Photo by Aaron Burden on Unsplash

What Changed?

Eventually, I realized that if I didn’t want to work myself to death I would have to start thinking about my finances and where I’m eventually headed. Sadly, this realization came later than I’d hope when I was already in my 30s. Still, I won’t admit defeat and will work even harder to make sure I can retire. Early if I can.

To get there, I knew that I needed to put money away. How much, for how long, and how often were questions I immediately had. Of course, I did what anyone would do in this situation and went to Google! “How to retire” was the first thing I looked up, if my memory serves me right. That led me down a deep, deep rabbit hole of retirement strategies, personal finances goals, and so much more.

Calculate Retirement Goal

The first thing I had to do was figure out how much money I’d need in retirement so I could live life comfortably. Wealthy would be nice (right?), but priority was being comfortable in retirement. I knew that I would have less needs and lower expenses, so I took my current expenses and subtracted my current debt, which included both credit cards and student loans.

Then, I took a closer look at my expenses and thought about what I wouldn’t need later in life. That gave me a rough estimate of $40,000. And that was still being pretty generous with the occasional trips or outings. Realistically, I think anyone could make due with $20,000 or $30,000 during retirement and still live comfortably.

So, now that I had a rough estimate of my yearly expenses in retirement, I still needed to know how much I’d need in order to get there. That eventually led me down the path to discover what’s called the FIRE movement. Now, I won’t go deep into this movement or what it really means. That would have to be an article all by itself and I don’t consider myself an expert seeing as how I’m not really following it. At least, not fully.
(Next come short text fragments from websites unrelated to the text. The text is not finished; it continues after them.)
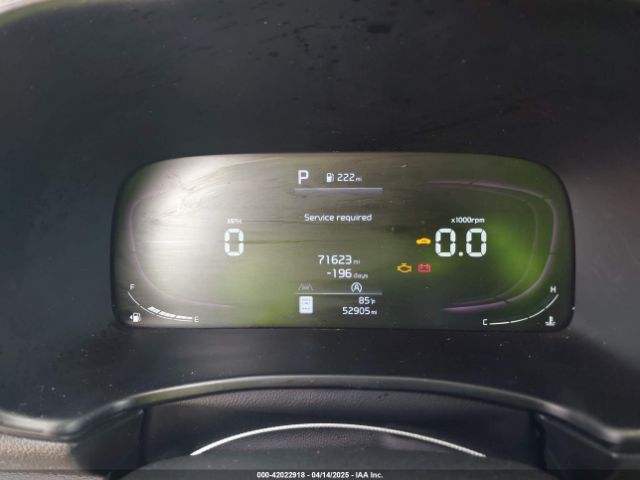 KNDJ23AU0P7861374 KIA SOUL LX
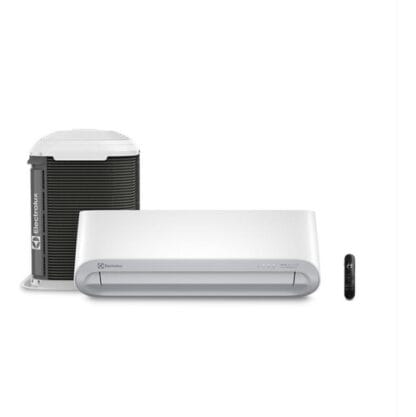 Ar Condicionado Split Hi Wall Inverter Electrolux Color Adapt Wi-fi 9000 BTU/h Frio YI09F – 220 Volts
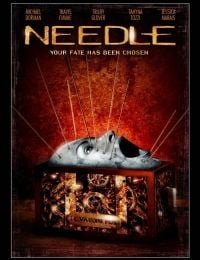 Needle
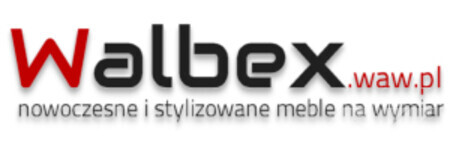 P.H.U.WALBEX szafy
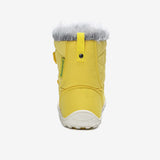 Kinder Macaron I - Winter Barfußschuhe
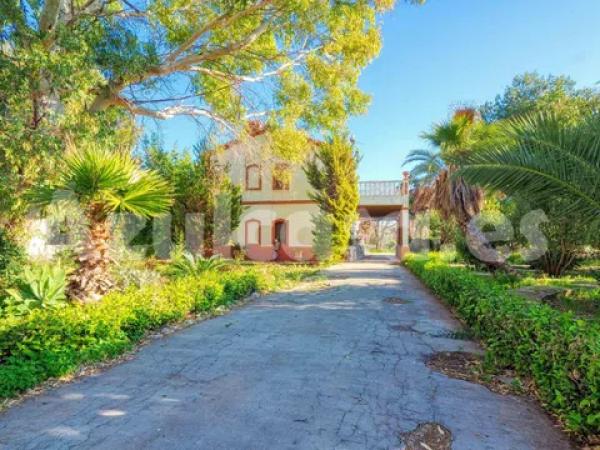 Terreno en El Verger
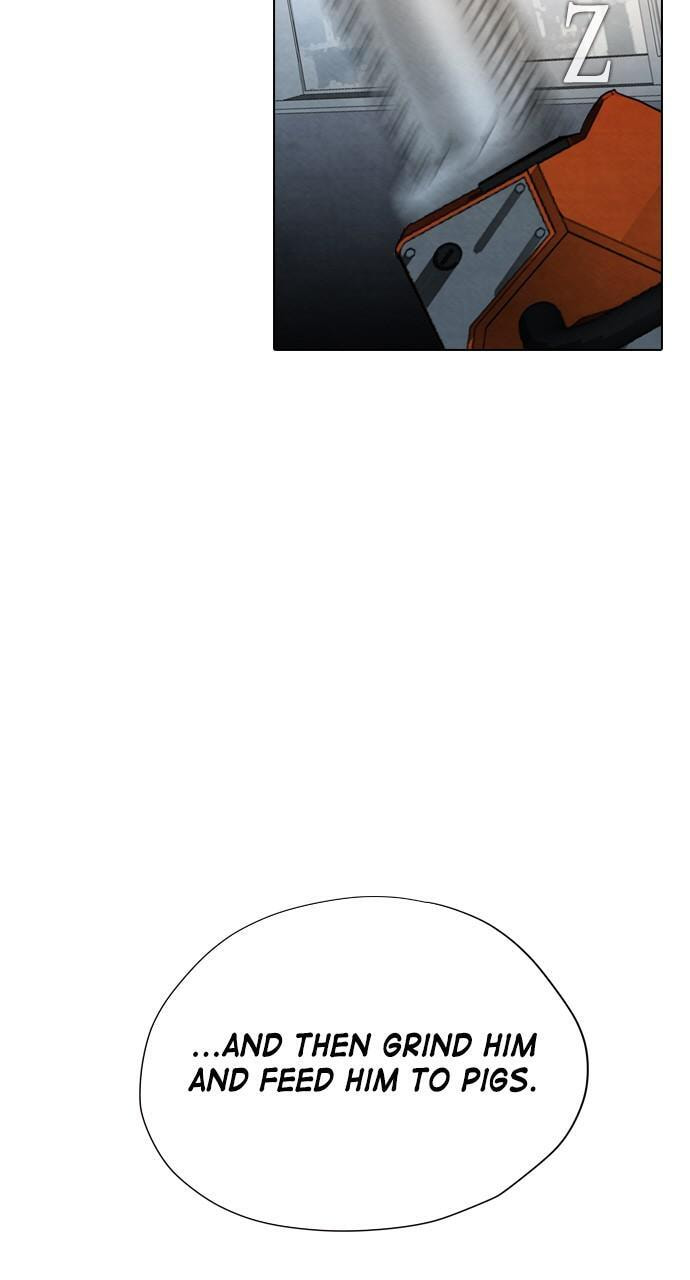 Read REAWAKENED MAN chapter 14 image 23 on Lezhin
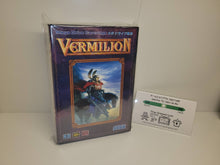 Load image into Gallery viewer, Vermilion / Sword of Vermilion Brand New - Sega MD MegaDrive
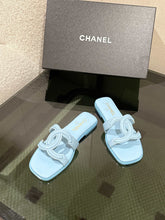 Load image into Gallery viewer, CC Sandals
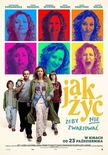 Bilety na: Jak żyć, żeby nie zwariować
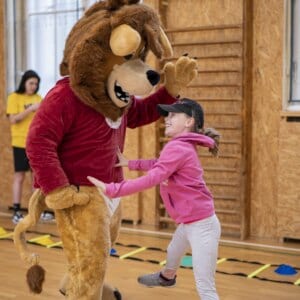 BOGI SPORTS day 2023 🏰🤸‍♂️ in Ústí nad Labem & Lovosice 🏅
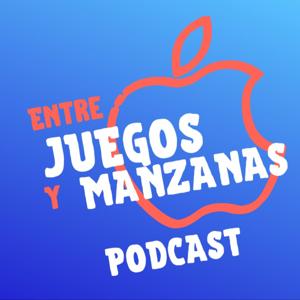 ENTRE JUEGOS Y MANZANAS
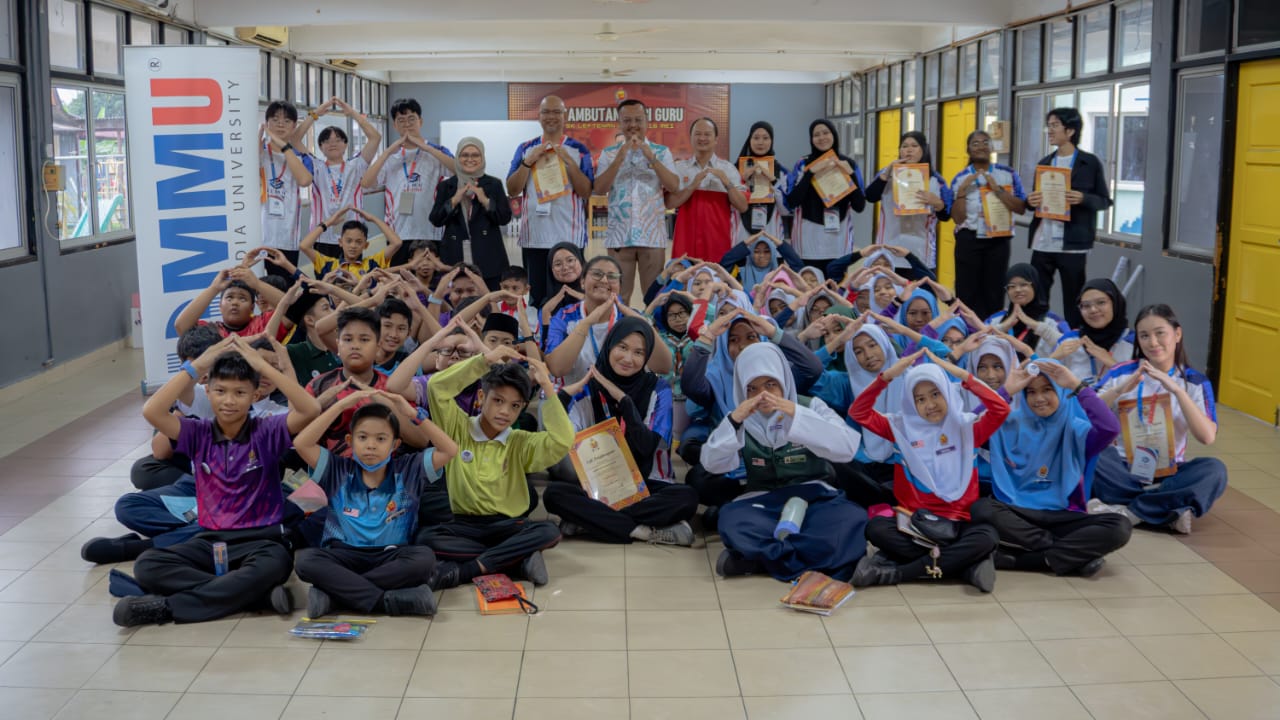School competition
That said, I did find their calculation of your FI number really useful. Your FI number is an estimate of how much money you’d need to retire. It takes your estimated yearly expense in retirement and multiplies it by 25 to give you your total retirement amount. For me, at $40,000 per year, I would need $1,000,000 to retire comfortably. With that amount, I’d invest it into an S&P 500 mutual fund or ETF. With an estimated 7–8% yearly return, I’d be able to take 4% for yearly expenses. So, now that I had an estimated yearly expense and my FI number, the journey starts. I had to take my first step!

Track Spending

To get to my goal, I had to be better at tracking where my money was going. I won’t go into full details here on how I would recommend doing so. Mostly because I already did that in one of my other articles about tracking your expenses. But long story short, I tried out different methods until eventually settling on building out my own spreadsheets and tracking my expenses manually.
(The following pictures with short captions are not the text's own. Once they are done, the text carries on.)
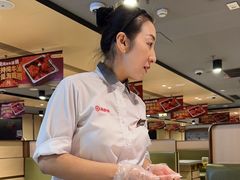 -海底捞火锅(西单店)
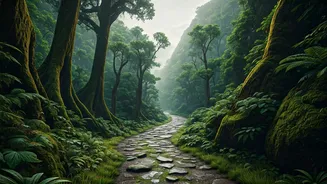 Get Lost In Nature On These Monsoon Treks
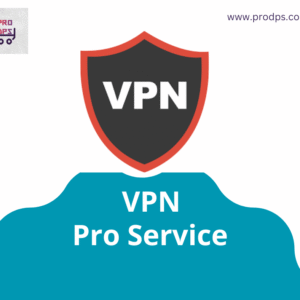 VPN Pro Services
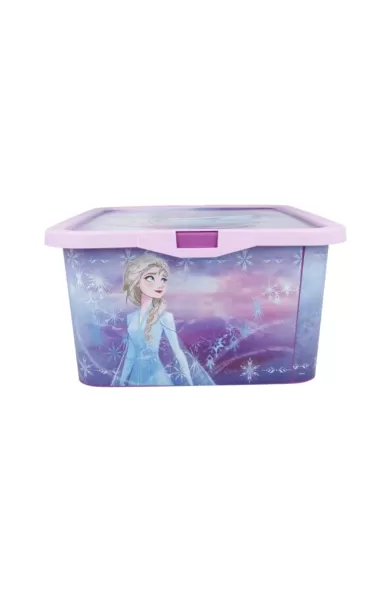 Disney Storage Click Box 13L - Frozen II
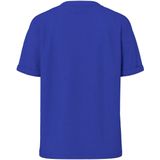 Pieces - RIA - T-shirt - Regular Fit - Effen - Puur Katoen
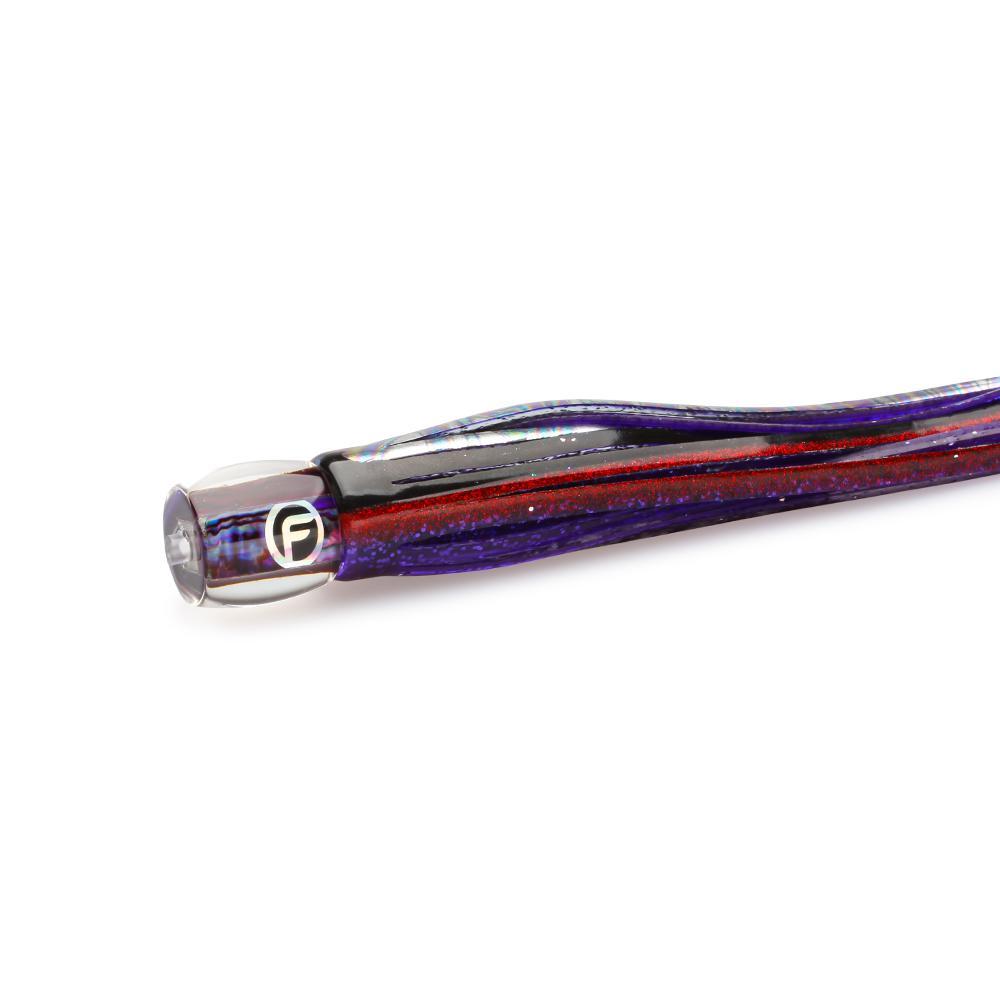 FATHOM SAME OLE ROLL PRE-RIGGED 7" TROLLING LURE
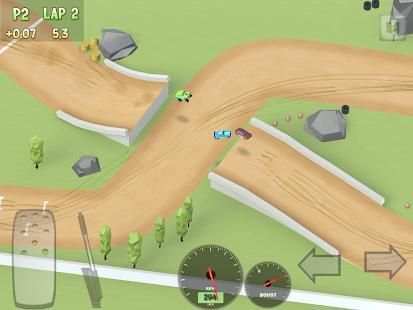 Full Drift Racing screenshot 7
This gave me A LOT of flexibility to track and analyze my spending so that I knew where I had to make improvements. My first learning was…I wasn’t making enough money. Sad, I know. Yet, still very solvable.

Increase Income

My career is in the video games industry. I’ll save my life story for another day in another article, but again, TL;DR I’ve always wanted to create video games for a living.

My first job in the industry was working as a game tester for Sony Computer Entertainment America in Foster City, CA where I was making ~8.25 per hour. It was a contract role, which meant no benefits, but I had a full 40 hour week plus overtime. At 23 years of age, it was fantastic! I was playing games for a living while earning a decent salary.

When I finally realized I needed to buckle down, I was about to be 30 years of age. My career had seen lots of expansion and I was now earning $25 per hour working as a Producer at another game company. This was when I realized I needed to earn a lot more if I wanted to start saving more money. I’ve always been really curious and sort of a bothersome coworker who would ask about everything and attempt to create pretty much anything during my personal time. This worked well for me because it fed into my appetite for programming, process, and product.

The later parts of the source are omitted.